Last session, a similar measure passed the House but failed to get a hearing in a Senate committee.
Similar measures are currently working their way through the state legislatures in Arkansas, Tennessee and Kentucky.
Speaking on a panel Tuesday at the U.S. Department of Labor, National Education Association president Becky Pringle commented on the respective state bills, saying, “Here we are, looking at rights being taken away from union members, educators, workers, and students. The right to learn, the freedom to teach. Right here in our own country. In Florida, in Texas.
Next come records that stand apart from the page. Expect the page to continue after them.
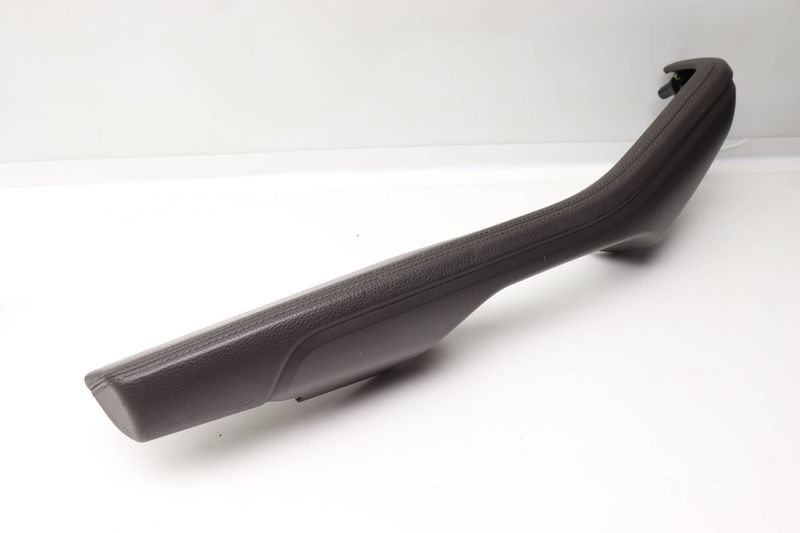 Door Panel Armrest  / Arm Rest 95B867173 — Used (SKU 558212)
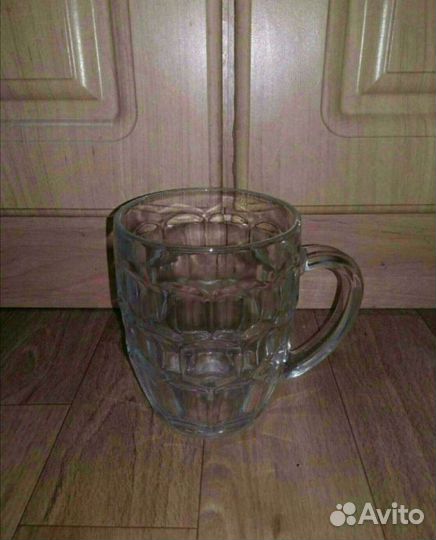 Салатница, пивные кружки и розетки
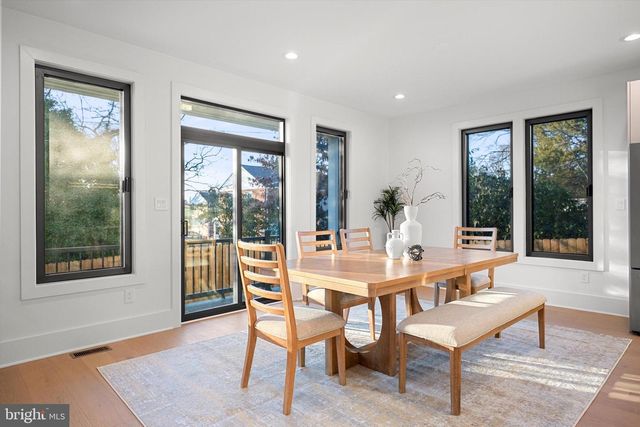 2100 S NELSON ST, Arlington, VA 22204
The right to organize (is) being threatened this week in the state(s) of Kentucky, Arkansas and Tennessee.”
“Instead of attacking these bills that provide public school employees more control over their own paychecks, we should take a step back and consider what’s really happening,” countered Rusty Brown, southern director for the Freedom Foundation. “SB 256 prevents the state from acting as the debt collector for a private company – and that’s really what the NEA is; a private company that rakes in well over half a billion dollars from taxpayer-funded school employee paychecks every year.”
Brown continued, “automatic payment systems are readily available for anyone to set up today and the only logical reason the union leaders would fight this legislation is because they fear too many of their members won’t see the value in what they are selling.”
“When the unions fight bills that make it easier for teachers to keep more of their own hard-earned paychecks,” Brown concluded, “you know teachers aren’t the unions’ priority.”